YOUR ASSIGNMENT >> The required output consists solely of the lines from the line containing "Vodalites Flying Throne" through the end of the records, copied exactly.

RECORD EXTRACTS >>
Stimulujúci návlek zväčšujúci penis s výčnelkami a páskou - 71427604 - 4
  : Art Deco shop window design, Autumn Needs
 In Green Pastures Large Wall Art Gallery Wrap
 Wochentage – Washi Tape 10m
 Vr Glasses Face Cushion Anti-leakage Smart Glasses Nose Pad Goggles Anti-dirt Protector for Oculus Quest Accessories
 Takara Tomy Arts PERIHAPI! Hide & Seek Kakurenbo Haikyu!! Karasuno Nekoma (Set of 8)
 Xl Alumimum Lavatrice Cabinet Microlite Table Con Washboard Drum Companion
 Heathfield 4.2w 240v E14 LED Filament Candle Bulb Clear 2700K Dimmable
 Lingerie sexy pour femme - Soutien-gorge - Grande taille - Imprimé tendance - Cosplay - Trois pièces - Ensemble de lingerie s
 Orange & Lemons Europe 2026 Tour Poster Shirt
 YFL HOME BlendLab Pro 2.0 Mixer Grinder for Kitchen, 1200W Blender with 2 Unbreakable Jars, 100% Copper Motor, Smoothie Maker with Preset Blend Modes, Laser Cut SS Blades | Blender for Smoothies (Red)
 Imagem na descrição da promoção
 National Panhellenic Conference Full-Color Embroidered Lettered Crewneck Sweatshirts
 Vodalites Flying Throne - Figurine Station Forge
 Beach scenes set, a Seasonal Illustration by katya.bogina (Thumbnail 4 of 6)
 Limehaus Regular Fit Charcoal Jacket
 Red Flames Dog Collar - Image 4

SOLUTION >>
 Vodalites Flying Throne - Figurine Station Forge
 Beach scenes set, a Seasonal Illustration by katya.bogina (Thumbnail 4 of 6)
 Limehaus Regular Fit Charcoal Jacket
 Red Flames Dog Collar - Image 4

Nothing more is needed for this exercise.